Please, read carefully before engaging our consulting services, purchasing training courses or accessing or downloading any training material from our website. By clicking on the "I accept" button, you agree to these terms and conditions which will bind you and your employees, agents and representatives if you are an employer. If you do not agree to these terms, you must discontinue the purchasing process now.

The engagement of our consulting services (‘services’) is subject to negotiation and mutual agreement between Knewrow and the client. Under this arrangement, the client is required to make a non-refundable deposit to Knewrow for the service purchased.

The purchase of training courses and training materials (‘products’) are subject to the prices as set out for the relevant product and the granting of a non-exclusive, non-transferable licence to use the product on the following terms:

  • Not to copy the product purchased except where such copying is incidental or necessary for the purposes of completing the relevant course;

  • Not to rent, lease, sub-license, loan, translate, merge, adapt, vary or modify the product purchased;

  • Not to alter, or modify, the whole or any part of the product purchased nor permit the same to be combined with, or become incorporated into, any other materials;

  • To supervise and control the use of the product purchased; ensuring that they are used in accordance with the terms of this licence;

  • Not to provide or otherwise make available the product purchased, in whole or in part, in any form to any person without prior written consent from Knewrow.

Clients may purchase a product either online or offline and all payments made are non-refundable. However, where a course has been purchased, clients may transfer their registration for one course to another course up to 10 working days prior to the original course date. Once a client has transferred, no refunds can be made for the cancellation of either course. Only one transfer by any client may be made.

If a client cancels a course, such cancellation must be made no later than 10 working days before the start of the relevant course. We will only accept cancellations that are made in writing.
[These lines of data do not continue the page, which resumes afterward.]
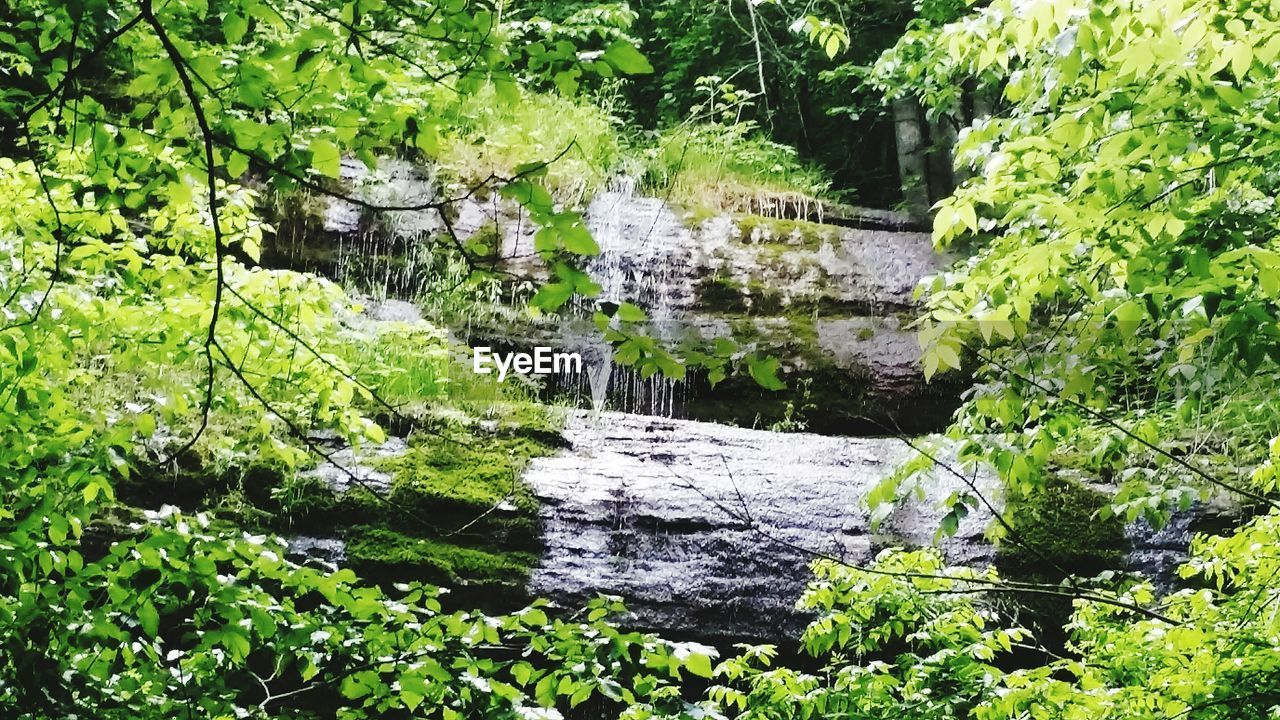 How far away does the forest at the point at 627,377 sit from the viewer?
1.85 m

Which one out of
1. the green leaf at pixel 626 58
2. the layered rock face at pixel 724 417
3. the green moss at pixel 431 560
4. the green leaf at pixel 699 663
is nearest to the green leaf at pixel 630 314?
the green leaf at pixel 626 58

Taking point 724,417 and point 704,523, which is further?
point 724,417

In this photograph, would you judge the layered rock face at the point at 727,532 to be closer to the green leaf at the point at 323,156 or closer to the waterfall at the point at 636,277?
the waterfall at the point at 636,277

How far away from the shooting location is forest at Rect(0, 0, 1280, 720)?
72.9 inches

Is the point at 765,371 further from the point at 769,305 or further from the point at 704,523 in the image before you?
the point at 769,305

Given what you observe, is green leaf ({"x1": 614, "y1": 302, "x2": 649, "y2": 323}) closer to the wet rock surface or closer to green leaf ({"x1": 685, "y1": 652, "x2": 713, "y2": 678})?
green leaf ({"x1": 685, "y1": 652, "x2": 713, "y2": 678})

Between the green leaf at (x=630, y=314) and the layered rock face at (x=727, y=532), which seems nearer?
the green leaf at (x=630, y=314)

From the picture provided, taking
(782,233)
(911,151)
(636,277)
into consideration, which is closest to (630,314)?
(636,277)

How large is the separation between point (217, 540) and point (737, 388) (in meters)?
5.31

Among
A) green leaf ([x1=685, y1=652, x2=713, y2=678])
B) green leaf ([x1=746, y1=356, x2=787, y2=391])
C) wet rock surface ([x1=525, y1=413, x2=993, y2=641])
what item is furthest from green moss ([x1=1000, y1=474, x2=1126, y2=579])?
green leaf ([x1=746, y1=356, x2=787, y2=391])

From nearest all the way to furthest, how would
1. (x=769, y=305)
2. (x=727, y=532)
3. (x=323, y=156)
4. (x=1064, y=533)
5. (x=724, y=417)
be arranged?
1. (x=323, y=156)
2. (x=727, y=532)
3. (x=1064, y=533)
4. (x=724, y=417)
5. (x=769, y=305)

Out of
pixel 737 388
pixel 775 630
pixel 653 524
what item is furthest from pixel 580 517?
pixel 737 388

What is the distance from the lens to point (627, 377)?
7.01 metres

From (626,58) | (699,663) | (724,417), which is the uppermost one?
(626,58) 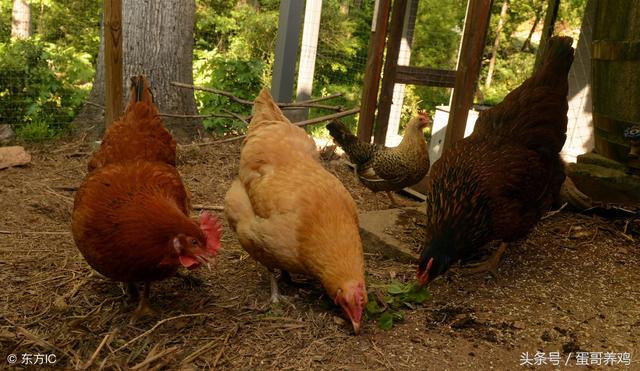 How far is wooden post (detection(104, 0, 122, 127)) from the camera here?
3.26 m

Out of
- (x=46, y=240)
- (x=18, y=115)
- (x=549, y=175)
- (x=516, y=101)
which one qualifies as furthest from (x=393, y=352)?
(x=18, y=115)

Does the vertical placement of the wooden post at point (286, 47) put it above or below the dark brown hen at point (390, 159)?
above

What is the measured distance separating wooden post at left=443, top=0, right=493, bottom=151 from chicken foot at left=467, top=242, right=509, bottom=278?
98cm

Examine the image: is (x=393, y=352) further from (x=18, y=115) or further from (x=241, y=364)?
(x=18, y=115)

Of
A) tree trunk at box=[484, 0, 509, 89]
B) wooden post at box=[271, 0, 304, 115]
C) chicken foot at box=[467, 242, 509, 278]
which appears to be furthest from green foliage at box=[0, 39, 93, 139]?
tree trunk at box=[484, 0, 509, 89]

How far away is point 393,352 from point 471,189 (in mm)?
1275

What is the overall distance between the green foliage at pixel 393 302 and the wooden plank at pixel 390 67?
2927 mm

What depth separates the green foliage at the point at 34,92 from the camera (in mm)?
6273

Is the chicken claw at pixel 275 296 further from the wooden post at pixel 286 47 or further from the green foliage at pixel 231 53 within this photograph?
the green foliage at pixel 231 53

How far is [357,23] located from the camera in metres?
11.1

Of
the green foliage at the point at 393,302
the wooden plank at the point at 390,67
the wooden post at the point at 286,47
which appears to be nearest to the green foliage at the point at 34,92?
the wooden post at the point at 286,47

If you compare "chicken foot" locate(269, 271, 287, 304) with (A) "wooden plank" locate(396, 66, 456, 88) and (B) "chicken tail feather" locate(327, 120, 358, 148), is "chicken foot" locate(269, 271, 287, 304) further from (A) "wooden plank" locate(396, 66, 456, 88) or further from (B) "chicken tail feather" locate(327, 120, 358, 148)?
(A) "wooden plank" locate(396, 66, 456, 88)

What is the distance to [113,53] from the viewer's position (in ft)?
10.8

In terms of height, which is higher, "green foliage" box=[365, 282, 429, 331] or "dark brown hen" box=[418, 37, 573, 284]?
"dark brown hen" box=[418, 37, 573, 284] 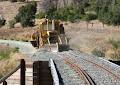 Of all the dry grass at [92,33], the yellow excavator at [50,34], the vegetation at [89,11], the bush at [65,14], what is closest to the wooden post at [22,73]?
the yellow excavator at [50,34]

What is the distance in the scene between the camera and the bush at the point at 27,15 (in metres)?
76.0

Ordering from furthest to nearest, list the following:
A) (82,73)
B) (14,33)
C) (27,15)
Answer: (27,15) → (14,33) → (82,73)

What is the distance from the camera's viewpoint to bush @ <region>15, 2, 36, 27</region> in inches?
2992

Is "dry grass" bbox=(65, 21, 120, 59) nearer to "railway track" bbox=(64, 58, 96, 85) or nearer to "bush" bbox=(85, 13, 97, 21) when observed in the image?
"bush" bbox=(85, 13, 97, 21)

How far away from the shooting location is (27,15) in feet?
258

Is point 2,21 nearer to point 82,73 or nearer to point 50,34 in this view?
point 50,34

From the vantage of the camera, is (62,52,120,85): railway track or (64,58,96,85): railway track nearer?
(64,58,96,85): railway track

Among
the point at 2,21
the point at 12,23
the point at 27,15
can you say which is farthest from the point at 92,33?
the point at 2,21

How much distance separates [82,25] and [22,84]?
47465 mm

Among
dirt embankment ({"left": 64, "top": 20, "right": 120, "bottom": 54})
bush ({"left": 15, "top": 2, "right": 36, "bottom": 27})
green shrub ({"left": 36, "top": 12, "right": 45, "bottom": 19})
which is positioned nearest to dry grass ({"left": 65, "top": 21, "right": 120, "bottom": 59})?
dirt embankment ({"left": 64, "top": 20, "right": 120, "bottom": 54})

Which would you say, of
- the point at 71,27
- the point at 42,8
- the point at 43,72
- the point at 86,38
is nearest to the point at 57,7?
the point at 42,8

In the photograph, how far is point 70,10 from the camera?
77625 mm

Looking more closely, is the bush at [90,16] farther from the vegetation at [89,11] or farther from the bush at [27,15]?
the bush at [27,15]

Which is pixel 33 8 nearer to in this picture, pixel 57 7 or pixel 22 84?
pixel 57 7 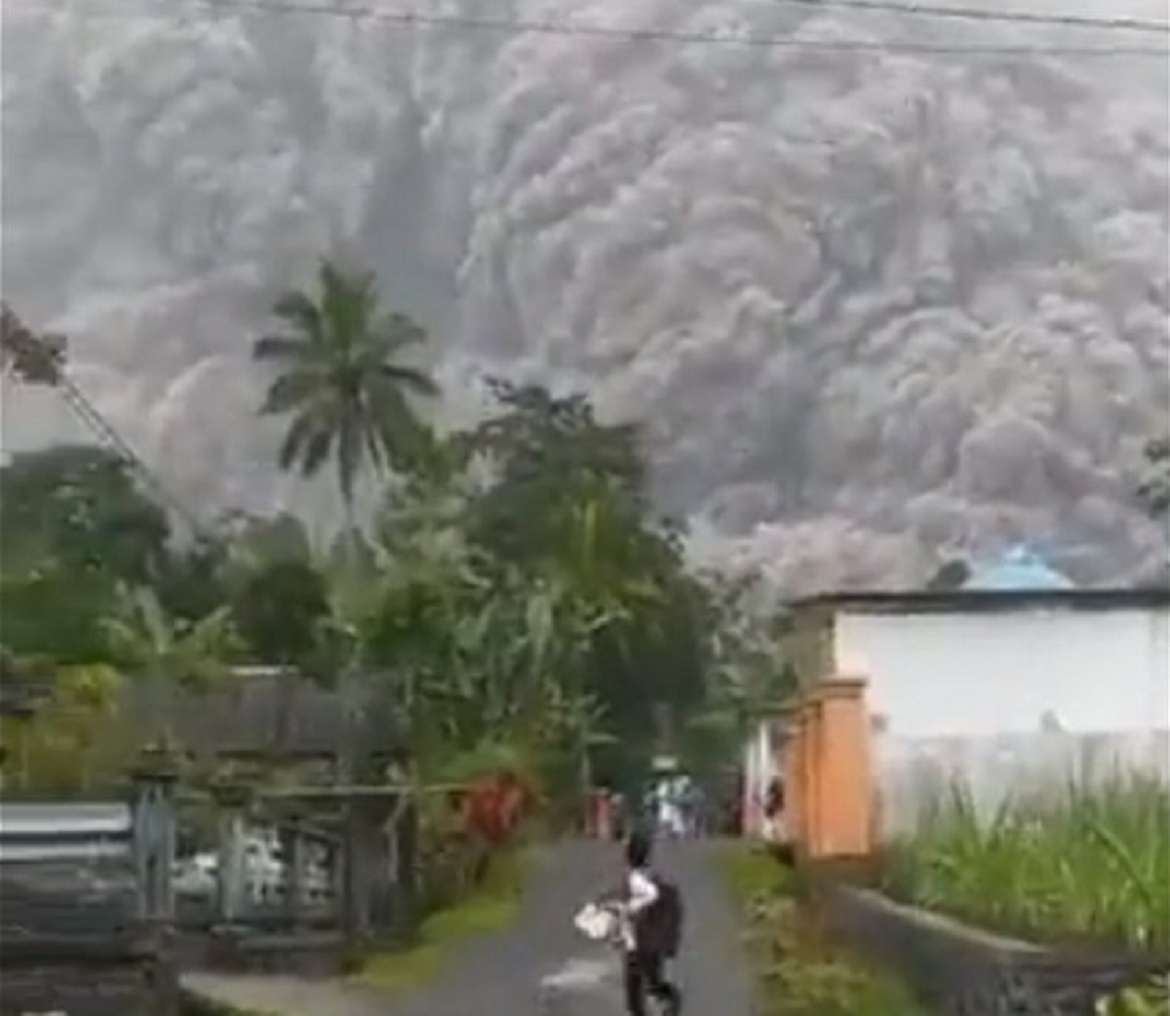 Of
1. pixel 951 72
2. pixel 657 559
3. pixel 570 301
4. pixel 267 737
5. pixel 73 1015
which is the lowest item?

If a client fails to attend a course or a cancellation is sought within the 10 working days prior to the start of such course, full payment will be required.

Payment can be made using an authorised credit card at the time of the transaction on our website or by transfer or lodgment into Knewrow’s account where purchase is made offline. Receipts for payment are provided in electronic format, in the case of online purchase or non-electronic format in the case of offline purchase either 30 days from date of invoice or at least 10 working days before the start of the course, whichever is sooner. We take all necessary steps to ensure that any information provided by you for the purposes of payment will be kept secure.

If a refund is approved by Knewrow, it will be made through the original mode of payment only. We reserve the right to cancel a course at any time. In such circumstances, we will offer alternative dates or a full refund.

If any incorrect information is provided resulting in an incorrect fee charged for a particular product, we reserve the right to adjust the fee (upwards or downwards) so that it is the correct fee.

You acknowledge that all intellectual property rights in the services and/or products, anywhere in the world, belong to Knewrow; that rights in the products are licensed (not sold) to you; and that you have no rights in, or to, the products other than the right to use them in accordance with the terms of this licence.

You, hereby, consent and agree that, by your purchase of Knewrow’s products, you have authorized Knewrow to use your company logo, feedback and comments on knewrow’s website and in connection with certain publicity and promotional materials that Knewrow may disseminate to the public. However, this does not, in anyway, create a partnership.

In the event of a force majeure, including any act, event, non-happening, omission or accident beyond our reasonable control, our performance is deemed to be suspended for the period that the force majeure event continues, and we will have an extension of time for performance for the duration of that period. We will use our reasonable endeavours to bring the force majeure event to a close or to find a solution by which our obligations may be performed despite the force majeure event.

If we fail, at any time, during the term of this licence, to insist upon strict performance of any of your obligations, or if we fail to exercise any of the rights or remedies to which we are entitled, this shall not constitute a waiver of such rights or remedies and shall not relieve you from compliance with such obligations.

A waiver by us of any default shall not constitute a waiver of any subsequent default. No waiver by us of any of these terms and conditions shall be effective unless it is expressly stated to be a waiver and is communicated to you in writing.

If any provision of these terms is held by any competent authority to be invalid or unenforceable in whole or in part, the validity of the other provisions of these terms and the remainder of the provision in question shall not be affected thereby.

The terms are governed by the laws of the Federal Republic of Nigeria and the parties submit to exclusive jurisdiction of the courts of Nigeria.

These terms represent the entire agreement between us in relation to the purchase of products and supersede any prior agreement, understanding or arrangement between us, whether oral or in writing. We each acknowledge that, in entering into these terms, neither of us has relied on any representation, undertaking or promise given by the other or be implied from anything said or written in negotiations between us prior to entering into these terms, except as expressly stated in these terms and conditions.

Neither of us shall have any remedy in respect of any untrue statement made by the other, whether orally or in writing, prior to the date of entering into these terms (unless such untrue statement was made fraudulently) and the other party’s only remedy shall be for breach of contract as provided in these terms and conditions.

We have the right to revise and amend these terms and conditions from time to time.